Mission San Diego de Alcalá

The Mission San Diego de Alcalá is the first of the many missions for which California is famous and is known today as the birthplace of California Christianity.  The first church in California, the mission began with a group of Spanish missionaries in 1769. Founded by Blessed Father Junipero Serra the mission proposed to serve Native Americans of the area. The Native Americans, which the mission proposed to serve, were wary initially at the newcomers.
The initial mission structure was built close to the water. Later, the mission would construct a more permanent structure inland, about 5 miles away. The new structured was demolished in an attack by native Americas and the mission was moved back inland some years later. Mission San Diego de Alcalá and church of today were completed by the early 1800’s.
The Mission San Diego de Alcalá is the first of more than twenty such mission build by the Spanish to serve the Native Americans. The Native Americans have been called by different names throughout history. Originally known as Kumeyaay and Yuma, they were later called Mission Indians or Diegueno. The Kumeyaay were a nomadic group who had never seen cloth until the missionaries arrived.

In 1976, Pope Paul VI designates the Mission San Diego de Alcalá   as a Minor Basilica. The mission today is an active Diocese of San Diego parish. The mission housed many of the Native Americans, who lived and worked at the mission and grew crops including; corn, barley and grapes. Cattle and sheep in addition to horses were also raised on the mission compound. In the late 1700’s, the mission began to construct a system of aqueducts to bring water to the area and assure successful farming. This was the first irrigation project in this region of California.
When California became part of the Untied States, the mission was used for military purposes and then in 1863, President Lincoln gave all of the mission properties to the Roman Catholic Church. At that time The Mission San Diego de Alcalá was in ruins. Restoration of the mission began in the late 1800’s. In 1900, the land Marks Club of California provided funding, along with other organizations to restore the mission. They worked with local architects to begin stabilizing the mission buildings.
Originally build with adobe, the mission buildings were reinforced with concrete during this time in an attempt to add stability and strength.  One of the most famous elements of the mission in the Bell Tower. Today’s Bell Tower has one of the original bells form the early mission. When the Bell Tower was originally constructed it had a central function to the operation of the mission, as clocks were not yet part of everyday life.  Bells were used to signal time for gather for meals, church work and other functions.

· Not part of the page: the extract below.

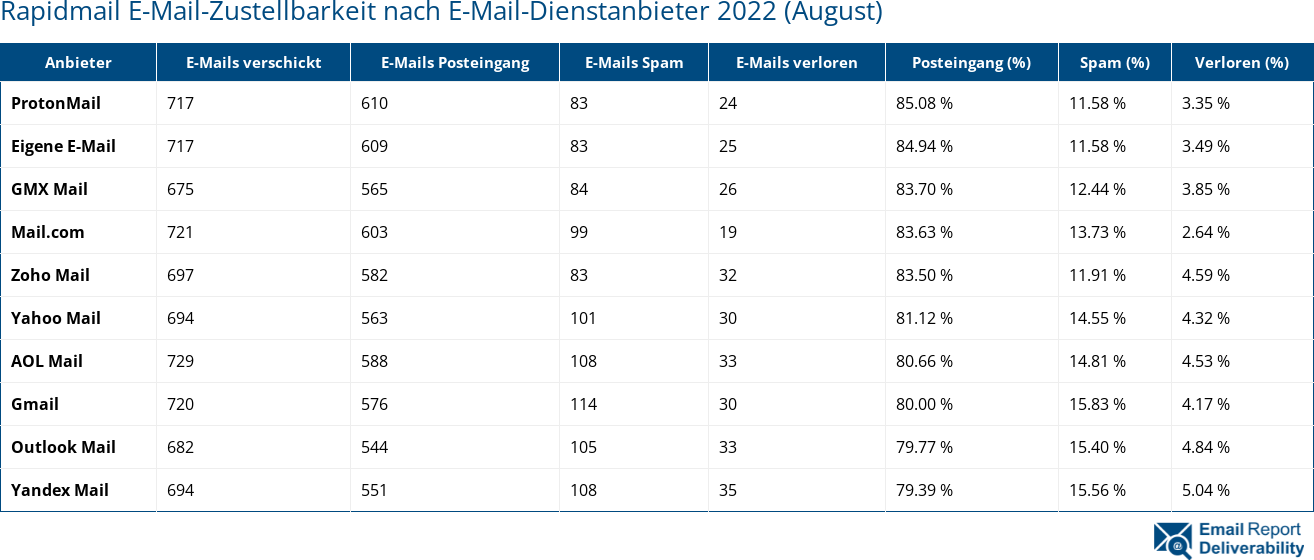 Rapidmail E-Mail-Zustellbarkeit nach E-Mail-Dienstanbieter 2022 (August)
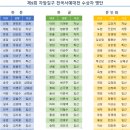 자암 김구비 Daum카페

These restoration efforts were followed by work from other civic groups and school who viewed the mission as historical landmarks and were committed to painstaking and accurate preservation.  The restoration was wrought with financial problems and was not completed until the 1940’s at which time the church became an active parish. Today the mission serves also as a place of historical display and entertains frequent visitors. The site provides the history of both the Native American in the region and the European influence.
References
The California Mission Site. Ed. The Civic Group. 24 Sept. 1998.
Bevil, Alexander D. The Sacred and the profane: The Restoration of Mission San Diego de Alcala. The Journal of San Diego History, Summer 1992, Volume 38, Number 3.